# 1. Linear Regression

solve problem:

$y^{(i)} = \theta^T x^{(i)} + \epsilon^{(i)}$

# 1.1 Assumptions
- errors ~ $N(0, \delta^2)$, that is, $p(\epsilon^{(i)}) = \frac{1}{\sqrt {2\pi} \delta} exp(-\frac{(\epsilon ^{(i)})^2}{2\delta^2})$
    - with rearangement, we have $p(y^{(i)}|x^{(i); \theta}) = \frac{1}{\sqrt {2\pi} \delta} exp(-\frac{(y^{(i)} - \theta^Tx^{(i)})^2}{2\delta^2})$
- samples: independent

## 1.2 Likelihood Function

**Likelihodd Function**:

\begin{equation}

    L(\theta) = p(y^{(1,...,m)} | x^{(1,...,m)}; \theta) = \Pi_{i=1}^m p(y^i|x^i, \theta)
    
\end{equation}

**Notes**
- what parameter can predict the given target when combined with given features -> purpose of maximum likelihood
- the maximum probability that the parameter $\theta$ can make ALL the prediction matches ALL the measurement
- due to the independency of samples, the above equation holds.

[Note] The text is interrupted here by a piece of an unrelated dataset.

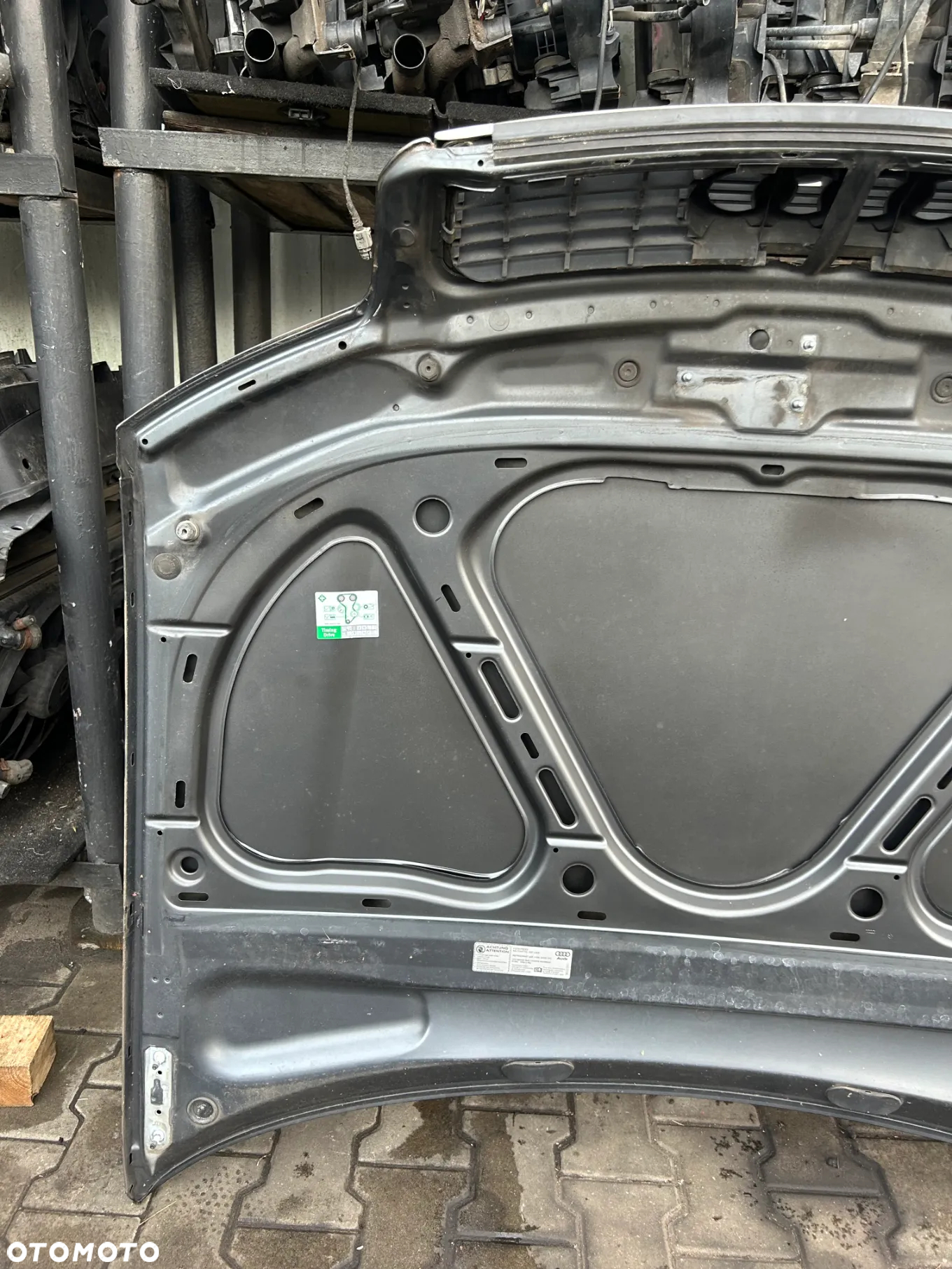 MASKA POKRYWA SILNIKA AUDI A4 B6 LX7Z SZARA WYSYŁKA !! - 10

**Log-likelihood Function**

\begin{align}
 log L(\theta) &= \sum_{i=1}^{m} log (p(y^i|x^i; \theta)) \\
    &= \sum_{i=1}^{m} log (\frac{1}{\sqrt {2\pi} \delta} exp(-\frac{(y^i - \theta^T(x^i)^2}{2\delta^2})) \\
    &= m log (\frac{1}{\sqrt{2\pi}\delta}) - \frac{1}{\delta^2} \cdot \frac{1}{2} \sum_{i=0}^{m} (y^i - \theta^Tx^i)^2 \\
    &= constant - \frac{1}{\delta^2} \cdot J(\theta)
\end{align}

where $constant$ is a constant value, and $J(\theta)$ is typicall known as the least-sqaures cost function, or mean square errors.

**Notes**
- easy calculation by changing production to additions.
- maximizing the log-likelihood function with respect to $\theta$ is equivalent to minimizing the means squared error. These two have different values but the same location of the optimum.

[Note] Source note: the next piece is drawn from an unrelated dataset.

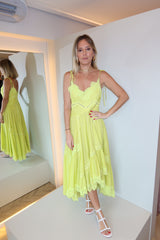 VESTIDO RAYON ASSIMÉTRICO RENDAS SUNKISS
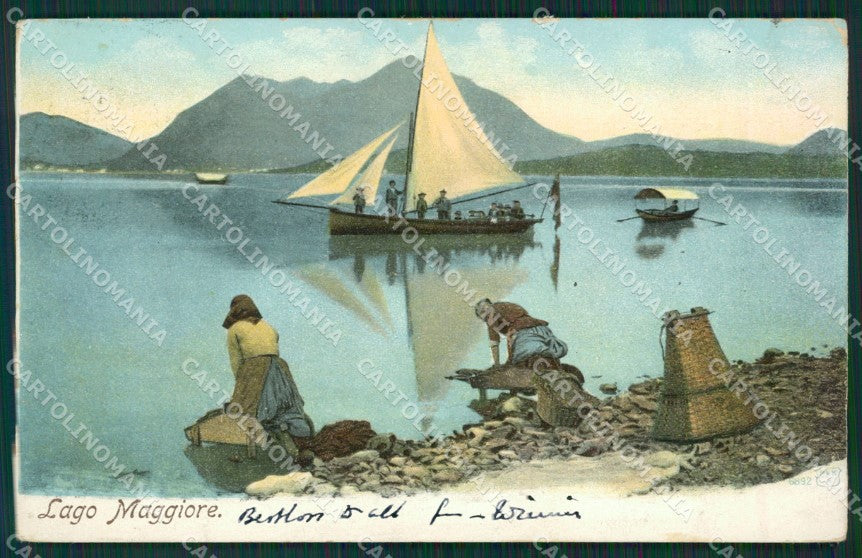 Verbania Lago Maggiore ? Lavandaie cartolina KV4765 – fronte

## 1.3 Propeties of Maximum Likelihood 
The main appeal of the maximum likelihood estimator is that it can be shown to be the best estimator asymptotically, as the number of examples $m \rightarrow \infty$, in terms of its rate of convergence as `m` increases.

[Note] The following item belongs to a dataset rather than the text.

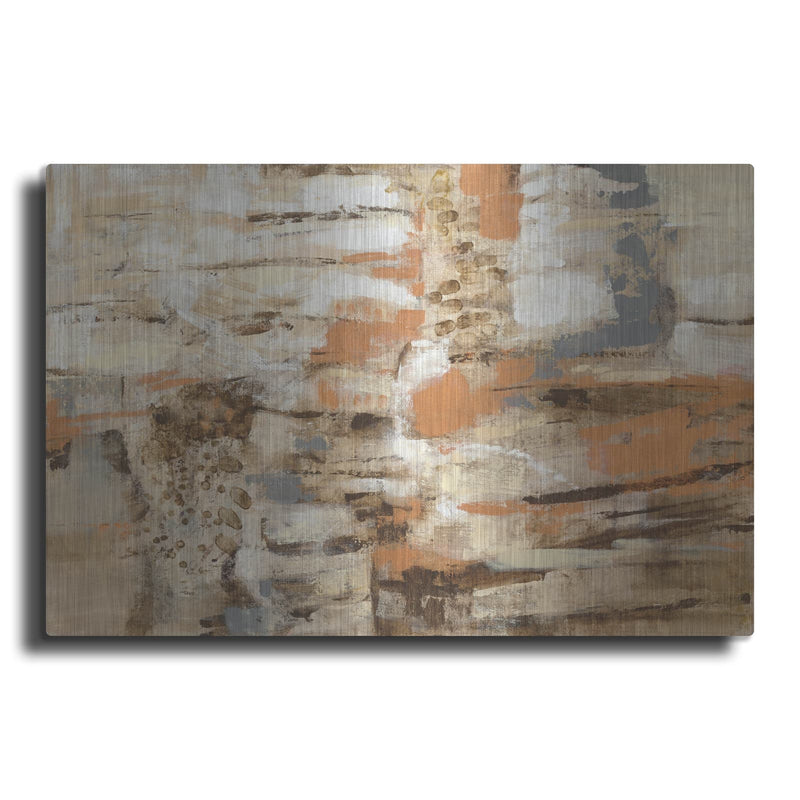 'Copper and Wood' by Silvia Vassileva – Metal Wall Art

Under appropriate conditions, the maximum likelihood estimator has the property of consistency, meaning that as the number of training examples approaches inﬁnity, the maximum likelihood estimate of a parameter
converges to the true value of the parameter. These conditions are as follows:
- The true distribution $p_{data}$ must lie within the model family $p_{model}(·;θ)$.
Otherwise, no estimator can recover $p_{data}$.
- The true distribution $p_{data}$ must be identiﬁable, meaning that there exists a unique value of θ that maximizes the likelihood function $p_{data}(·;θ)$. Otherwise, no estimator can recover $p_{data}$.

## 1.4 Implementation
Linear regression is simply a dense neural network with a single neuron and no activation function. The neuron computes the weighted sum of its inputs and adds a bias term. The weights and bias are the parameters that the model will learn.

In [2]:
import jax
import jax.numpy as jnp
from jax import random
from flax.core import freeze, unfreeze
import flax.linen as nn

class Linear(nn.Module):
    features: int
    kernel_init: nn.initializers.Initializer = nn.initializers.lecun_normal()
    bias_init: nn.initializers.Initializer = nn.initializers.zeros
    
    @nn.compact
    def __call__(self, x):
        w = self.param('w', # name of the parameter 
                       self.kernel_init, # initialization
                       (x.shape[-1], self.features) # shape of the parameter
                       ) 
        b = self.param('b', self.bias_init, ())
        return jnp.dot(x, w) + b

key1, key2 = random.split(random.PRNGKey(0), 2)
x = random.uniform(key1, (10,5))

# create a dense layer (linear model) with 5 features
model = Linear(features=1)
params = model.init(key2, x)

y = model.apply(params, x)

print('initialized parameter shapes:\n', jax.tree_util.tree_map(jnp.shape, unfreeze(params)))
print('output:\n', y)

initialized parameter shapes:
 {'params': {'b': (), 'w': (5, 1)}}
output:
 [[-0.487528  ]
 [-0.46083403]
 [ 0.13756503]
 [-0.13930888]
 [-0.29863402]
 [-0.47391087]
 [-0.16525263]
 [-0.40750027]
 [-0.32280582]
 [-0.23942292]]